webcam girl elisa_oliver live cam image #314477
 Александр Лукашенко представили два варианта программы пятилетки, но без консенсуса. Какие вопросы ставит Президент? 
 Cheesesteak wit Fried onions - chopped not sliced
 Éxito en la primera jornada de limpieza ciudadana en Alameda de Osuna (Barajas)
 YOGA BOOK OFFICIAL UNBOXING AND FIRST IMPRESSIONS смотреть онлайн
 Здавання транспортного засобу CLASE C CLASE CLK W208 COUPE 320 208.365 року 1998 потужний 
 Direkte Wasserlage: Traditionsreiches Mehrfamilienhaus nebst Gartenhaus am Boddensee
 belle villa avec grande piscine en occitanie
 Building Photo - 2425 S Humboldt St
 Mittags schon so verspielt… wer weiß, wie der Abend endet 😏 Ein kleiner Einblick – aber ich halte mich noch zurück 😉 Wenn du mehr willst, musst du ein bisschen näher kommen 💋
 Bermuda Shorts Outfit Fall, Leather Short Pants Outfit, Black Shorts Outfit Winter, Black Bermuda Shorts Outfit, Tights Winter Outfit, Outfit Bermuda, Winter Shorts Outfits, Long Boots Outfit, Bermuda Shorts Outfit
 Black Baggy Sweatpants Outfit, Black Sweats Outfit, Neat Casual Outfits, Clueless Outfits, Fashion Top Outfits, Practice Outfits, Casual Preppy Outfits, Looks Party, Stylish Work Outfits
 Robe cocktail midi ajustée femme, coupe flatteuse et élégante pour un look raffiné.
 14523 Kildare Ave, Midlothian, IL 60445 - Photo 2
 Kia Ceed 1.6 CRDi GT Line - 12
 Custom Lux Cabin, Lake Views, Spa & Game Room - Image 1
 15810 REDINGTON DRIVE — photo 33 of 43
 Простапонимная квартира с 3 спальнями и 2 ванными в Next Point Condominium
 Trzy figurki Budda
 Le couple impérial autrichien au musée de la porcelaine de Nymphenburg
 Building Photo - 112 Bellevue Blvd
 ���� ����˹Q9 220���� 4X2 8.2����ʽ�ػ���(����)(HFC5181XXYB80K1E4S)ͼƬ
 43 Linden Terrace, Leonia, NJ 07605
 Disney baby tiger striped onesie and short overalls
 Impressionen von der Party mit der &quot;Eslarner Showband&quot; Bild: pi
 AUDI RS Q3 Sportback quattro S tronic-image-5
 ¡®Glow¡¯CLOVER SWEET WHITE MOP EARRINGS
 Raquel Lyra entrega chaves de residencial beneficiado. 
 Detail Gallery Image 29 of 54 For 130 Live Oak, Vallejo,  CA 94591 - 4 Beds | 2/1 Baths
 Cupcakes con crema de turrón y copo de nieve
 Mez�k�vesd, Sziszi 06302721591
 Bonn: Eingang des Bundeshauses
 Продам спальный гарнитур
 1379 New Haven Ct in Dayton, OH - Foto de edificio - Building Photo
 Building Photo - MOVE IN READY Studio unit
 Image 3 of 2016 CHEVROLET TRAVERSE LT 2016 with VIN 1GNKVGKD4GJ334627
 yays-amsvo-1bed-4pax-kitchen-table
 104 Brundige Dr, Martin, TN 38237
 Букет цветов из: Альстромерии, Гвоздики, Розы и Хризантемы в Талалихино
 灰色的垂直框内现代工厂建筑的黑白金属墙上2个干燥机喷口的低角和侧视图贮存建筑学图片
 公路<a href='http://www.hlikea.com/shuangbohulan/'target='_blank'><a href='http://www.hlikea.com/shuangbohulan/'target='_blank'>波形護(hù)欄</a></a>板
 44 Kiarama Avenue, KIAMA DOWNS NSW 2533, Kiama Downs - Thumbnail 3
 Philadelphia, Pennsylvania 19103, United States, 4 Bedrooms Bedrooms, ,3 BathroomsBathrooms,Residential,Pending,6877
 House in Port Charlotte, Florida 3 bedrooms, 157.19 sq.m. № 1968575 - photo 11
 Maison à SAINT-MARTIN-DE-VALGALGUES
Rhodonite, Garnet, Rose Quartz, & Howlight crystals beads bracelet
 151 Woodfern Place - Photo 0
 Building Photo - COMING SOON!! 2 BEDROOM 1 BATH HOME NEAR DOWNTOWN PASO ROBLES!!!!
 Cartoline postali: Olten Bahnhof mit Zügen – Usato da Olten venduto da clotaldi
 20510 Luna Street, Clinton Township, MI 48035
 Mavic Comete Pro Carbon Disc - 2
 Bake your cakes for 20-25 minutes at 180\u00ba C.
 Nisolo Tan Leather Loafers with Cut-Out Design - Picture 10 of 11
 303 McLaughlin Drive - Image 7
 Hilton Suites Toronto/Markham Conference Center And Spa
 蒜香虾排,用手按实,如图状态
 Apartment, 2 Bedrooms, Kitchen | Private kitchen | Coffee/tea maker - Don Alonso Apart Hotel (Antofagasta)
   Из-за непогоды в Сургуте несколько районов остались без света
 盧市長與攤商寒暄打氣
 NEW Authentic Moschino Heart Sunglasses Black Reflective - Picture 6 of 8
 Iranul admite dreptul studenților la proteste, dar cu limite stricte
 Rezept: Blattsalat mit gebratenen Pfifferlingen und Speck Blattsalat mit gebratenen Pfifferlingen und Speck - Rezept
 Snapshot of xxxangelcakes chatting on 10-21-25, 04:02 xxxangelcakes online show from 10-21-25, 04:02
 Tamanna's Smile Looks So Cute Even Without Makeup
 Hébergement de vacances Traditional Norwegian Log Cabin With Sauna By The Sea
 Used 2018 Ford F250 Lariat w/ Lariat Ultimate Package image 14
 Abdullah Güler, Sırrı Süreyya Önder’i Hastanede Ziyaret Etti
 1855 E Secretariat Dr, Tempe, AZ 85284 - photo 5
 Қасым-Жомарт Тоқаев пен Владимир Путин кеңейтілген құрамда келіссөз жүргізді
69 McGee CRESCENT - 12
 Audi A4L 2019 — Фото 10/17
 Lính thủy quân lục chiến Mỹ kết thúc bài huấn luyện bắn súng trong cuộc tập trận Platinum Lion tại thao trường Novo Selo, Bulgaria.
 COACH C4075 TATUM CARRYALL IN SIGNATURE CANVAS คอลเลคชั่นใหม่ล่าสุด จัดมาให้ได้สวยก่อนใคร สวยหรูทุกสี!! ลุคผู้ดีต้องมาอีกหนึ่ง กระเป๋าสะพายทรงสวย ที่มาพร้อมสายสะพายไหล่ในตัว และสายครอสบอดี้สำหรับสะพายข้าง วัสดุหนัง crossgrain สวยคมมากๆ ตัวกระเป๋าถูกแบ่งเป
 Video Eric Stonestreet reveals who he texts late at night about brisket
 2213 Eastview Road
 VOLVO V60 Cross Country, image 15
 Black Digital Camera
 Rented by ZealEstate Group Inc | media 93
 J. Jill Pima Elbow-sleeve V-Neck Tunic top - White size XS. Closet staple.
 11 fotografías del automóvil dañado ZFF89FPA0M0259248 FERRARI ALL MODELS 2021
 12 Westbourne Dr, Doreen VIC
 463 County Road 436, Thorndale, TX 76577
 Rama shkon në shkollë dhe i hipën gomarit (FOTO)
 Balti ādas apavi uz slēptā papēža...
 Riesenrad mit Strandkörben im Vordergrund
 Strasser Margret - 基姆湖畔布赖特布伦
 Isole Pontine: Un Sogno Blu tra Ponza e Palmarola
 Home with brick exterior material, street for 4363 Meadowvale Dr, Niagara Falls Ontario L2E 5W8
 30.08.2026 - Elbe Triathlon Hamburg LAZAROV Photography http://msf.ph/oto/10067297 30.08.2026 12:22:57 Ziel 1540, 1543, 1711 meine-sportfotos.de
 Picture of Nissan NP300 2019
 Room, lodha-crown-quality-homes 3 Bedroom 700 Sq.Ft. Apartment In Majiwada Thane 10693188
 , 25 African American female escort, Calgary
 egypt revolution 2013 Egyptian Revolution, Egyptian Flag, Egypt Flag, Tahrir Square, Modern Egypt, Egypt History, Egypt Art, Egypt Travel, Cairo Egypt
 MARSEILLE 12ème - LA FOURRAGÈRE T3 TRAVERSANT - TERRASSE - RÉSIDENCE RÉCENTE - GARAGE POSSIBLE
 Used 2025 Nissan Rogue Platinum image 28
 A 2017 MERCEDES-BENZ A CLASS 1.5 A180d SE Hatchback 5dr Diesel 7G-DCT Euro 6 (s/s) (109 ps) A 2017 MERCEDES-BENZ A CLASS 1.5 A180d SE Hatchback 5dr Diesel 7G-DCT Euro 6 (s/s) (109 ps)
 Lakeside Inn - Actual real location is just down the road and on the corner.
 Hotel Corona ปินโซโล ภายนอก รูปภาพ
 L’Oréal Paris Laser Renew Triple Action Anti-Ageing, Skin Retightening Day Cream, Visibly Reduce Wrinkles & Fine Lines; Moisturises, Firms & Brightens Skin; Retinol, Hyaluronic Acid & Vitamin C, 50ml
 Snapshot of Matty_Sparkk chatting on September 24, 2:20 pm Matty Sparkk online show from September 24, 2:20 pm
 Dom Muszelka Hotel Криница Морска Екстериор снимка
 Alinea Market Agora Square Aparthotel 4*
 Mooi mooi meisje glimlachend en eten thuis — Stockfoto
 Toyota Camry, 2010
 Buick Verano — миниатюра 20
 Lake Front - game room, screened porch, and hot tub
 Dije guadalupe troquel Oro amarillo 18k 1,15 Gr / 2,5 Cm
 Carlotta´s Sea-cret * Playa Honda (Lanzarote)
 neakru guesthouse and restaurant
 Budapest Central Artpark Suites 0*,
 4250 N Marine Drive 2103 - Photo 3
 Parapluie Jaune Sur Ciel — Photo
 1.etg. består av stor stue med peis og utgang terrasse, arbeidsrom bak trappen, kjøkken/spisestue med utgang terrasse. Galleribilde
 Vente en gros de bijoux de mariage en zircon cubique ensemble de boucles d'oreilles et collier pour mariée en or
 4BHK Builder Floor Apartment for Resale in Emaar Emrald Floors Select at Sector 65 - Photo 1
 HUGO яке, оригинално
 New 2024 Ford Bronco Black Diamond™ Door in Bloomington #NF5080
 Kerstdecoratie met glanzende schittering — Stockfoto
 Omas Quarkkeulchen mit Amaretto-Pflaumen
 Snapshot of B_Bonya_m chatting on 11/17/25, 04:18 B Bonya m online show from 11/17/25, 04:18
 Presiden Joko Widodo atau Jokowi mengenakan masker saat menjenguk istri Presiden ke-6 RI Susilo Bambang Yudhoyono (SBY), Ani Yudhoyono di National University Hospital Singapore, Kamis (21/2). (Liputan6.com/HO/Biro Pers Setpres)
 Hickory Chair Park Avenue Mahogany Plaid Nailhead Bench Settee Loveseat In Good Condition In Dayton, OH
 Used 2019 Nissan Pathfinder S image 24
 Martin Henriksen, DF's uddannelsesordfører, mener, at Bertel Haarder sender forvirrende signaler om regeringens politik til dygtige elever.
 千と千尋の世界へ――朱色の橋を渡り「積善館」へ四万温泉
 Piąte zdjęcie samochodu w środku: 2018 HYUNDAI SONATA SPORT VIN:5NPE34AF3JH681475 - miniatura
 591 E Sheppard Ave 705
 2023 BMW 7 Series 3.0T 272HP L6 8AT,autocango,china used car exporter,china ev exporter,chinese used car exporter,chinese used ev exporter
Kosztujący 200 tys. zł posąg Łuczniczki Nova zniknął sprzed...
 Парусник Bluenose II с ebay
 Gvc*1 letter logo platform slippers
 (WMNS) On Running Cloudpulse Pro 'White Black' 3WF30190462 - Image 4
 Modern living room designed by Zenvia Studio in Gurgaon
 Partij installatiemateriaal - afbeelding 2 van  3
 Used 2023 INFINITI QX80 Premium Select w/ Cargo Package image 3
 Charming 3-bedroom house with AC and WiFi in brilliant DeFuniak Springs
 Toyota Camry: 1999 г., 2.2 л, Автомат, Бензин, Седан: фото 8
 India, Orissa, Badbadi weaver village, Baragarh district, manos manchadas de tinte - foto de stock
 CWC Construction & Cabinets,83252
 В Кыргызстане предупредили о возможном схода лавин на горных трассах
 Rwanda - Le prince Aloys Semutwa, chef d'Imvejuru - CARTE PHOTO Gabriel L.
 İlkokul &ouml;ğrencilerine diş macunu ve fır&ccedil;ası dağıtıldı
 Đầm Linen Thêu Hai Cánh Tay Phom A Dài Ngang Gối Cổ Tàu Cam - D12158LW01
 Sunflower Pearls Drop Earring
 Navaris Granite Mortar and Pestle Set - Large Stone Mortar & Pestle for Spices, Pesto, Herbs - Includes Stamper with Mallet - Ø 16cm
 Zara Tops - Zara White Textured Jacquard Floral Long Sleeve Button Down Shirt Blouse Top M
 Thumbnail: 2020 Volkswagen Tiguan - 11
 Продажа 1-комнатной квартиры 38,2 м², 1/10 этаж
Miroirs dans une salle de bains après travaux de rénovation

Exercise description:
Starting at the first line of the records, print each line exactly, stopping after the line that contains "Cheesesteak wit Fried".

Answer for the task:
webcam girl elisa_oliver live cam image #314477
 Александр Лукашенко представили два варианта программы пятилетки, но без консенсуса. Какие вопросы ставит Президент? 
 Cheesesteak wit Fried onions - chopped not sliced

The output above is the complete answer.